INPUT: Begin

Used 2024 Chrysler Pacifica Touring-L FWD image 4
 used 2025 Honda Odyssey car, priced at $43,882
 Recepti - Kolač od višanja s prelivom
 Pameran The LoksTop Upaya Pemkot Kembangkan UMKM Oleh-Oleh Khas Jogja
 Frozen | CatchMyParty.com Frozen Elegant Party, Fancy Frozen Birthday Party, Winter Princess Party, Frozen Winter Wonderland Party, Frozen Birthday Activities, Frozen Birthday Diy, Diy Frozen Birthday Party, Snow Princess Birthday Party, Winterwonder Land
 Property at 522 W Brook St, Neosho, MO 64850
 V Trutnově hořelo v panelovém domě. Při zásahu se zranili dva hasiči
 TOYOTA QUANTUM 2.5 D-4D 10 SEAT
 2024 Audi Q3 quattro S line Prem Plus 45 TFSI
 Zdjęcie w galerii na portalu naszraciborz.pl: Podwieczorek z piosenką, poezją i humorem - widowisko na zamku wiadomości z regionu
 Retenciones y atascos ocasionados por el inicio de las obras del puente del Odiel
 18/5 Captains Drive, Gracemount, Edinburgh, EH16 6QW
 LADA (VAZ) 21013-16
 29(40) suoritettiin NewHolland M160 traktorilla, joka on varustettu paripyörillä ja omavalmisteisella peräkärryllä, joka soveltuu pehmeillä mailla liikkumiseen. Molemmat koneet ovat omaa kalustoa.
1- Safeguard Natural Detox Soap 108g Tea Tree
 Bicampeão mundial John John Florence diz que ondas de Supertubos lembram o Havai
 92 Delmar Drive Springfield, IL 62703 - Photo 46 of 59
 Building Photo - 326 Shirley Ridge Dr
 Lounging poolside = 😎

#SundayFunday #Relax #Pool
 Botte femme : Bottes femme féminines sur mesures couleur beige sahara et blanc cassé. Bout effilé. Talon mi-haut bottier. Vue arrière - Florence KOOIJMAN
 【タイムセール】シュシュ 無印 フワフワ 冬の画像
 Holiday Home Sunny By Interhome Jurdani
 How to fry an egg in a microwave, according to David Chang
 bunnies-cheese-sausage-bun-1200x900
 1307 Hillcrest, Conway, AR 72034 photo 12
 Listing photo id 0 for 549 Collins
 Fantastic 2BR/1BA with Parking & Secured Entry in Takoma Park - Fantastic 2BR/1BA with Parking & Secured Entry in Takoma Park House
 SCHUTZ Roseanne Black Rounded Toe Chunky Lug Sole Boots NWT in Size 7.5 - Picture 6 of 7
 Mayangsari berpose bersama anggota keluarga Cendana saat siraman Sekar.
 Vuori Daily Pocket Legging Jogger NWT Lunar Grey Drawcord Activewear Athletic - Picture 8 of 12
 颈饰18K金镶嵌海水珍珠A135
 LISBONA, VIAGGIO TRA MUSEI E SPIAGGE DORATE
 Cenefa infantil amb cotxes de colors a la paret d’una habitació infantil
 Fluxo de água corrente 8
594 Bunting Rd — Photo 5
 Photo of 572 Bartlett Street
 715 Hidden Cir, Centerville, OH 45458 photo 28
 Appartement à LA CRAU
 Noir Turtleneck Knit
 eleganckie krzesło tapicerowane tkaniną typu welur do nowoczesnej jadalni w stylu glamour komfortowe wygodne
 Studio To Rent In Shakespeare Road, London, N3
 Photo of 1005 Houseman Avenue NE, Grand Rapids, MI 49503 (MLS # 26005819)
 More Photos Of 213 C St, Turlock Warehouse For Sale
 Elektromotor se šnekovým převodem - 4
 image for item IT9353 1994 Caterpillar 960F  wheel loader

INPUT: End

** WHAT YOU SHOULD DO **
In the listing above, the lines from the one containing "Building Photo - 326 Shirley Ridge Dr" through the one containing "颈饰18K金镶嵌海水珍珠A135" must be set down exactly, with no other lines.

** SOLUTION TO THIS PROBLEM **
 Building Photo - 326 Shirley Ridge Dr
 Lounging poolside = 😎

#SundayFunday #Relax #Pool
 Botte femme : Bottes femme féminines sur mesures couleur beige sahara et blanc cassé. Bout effilé. Talon mi-haut bottier. Vue arrière - Florence KOOIJMAN
 【タイムセール】シュシュ 無印 フワフワ 冬の画像
 Holiday Home Sunny By Interhome Jurdani
 How to fry an egg in a microwave, according to David Chang
 bunnies-cheese-sausage-bun-1200x900
 1307 Hillcrest, Conway, AR 72034 photo 12
 Listing photo id 0 for 549 Collins
 Fantastic 2BR/1BA with Parking & Secured Entry in Takoma Park - Fantastic 2BR/1BA with Parking & Secured Entry in Takoma Park House
 SCHUTZ Roseanne Black Rounded Toe Chunky Lug Sole Boots NWT in Size 7.5 - Picture 6 of 7
 Mayangsari berpose bersama anggota keluarga Cendana saat siraman Sekar.
 Vuori Daily Pocket Legging Jogger NWT Lunar Grey Drawcord Activewear Athletic - Picture 8 of 12
 颈饰18K金镶嵌海水珍珠A135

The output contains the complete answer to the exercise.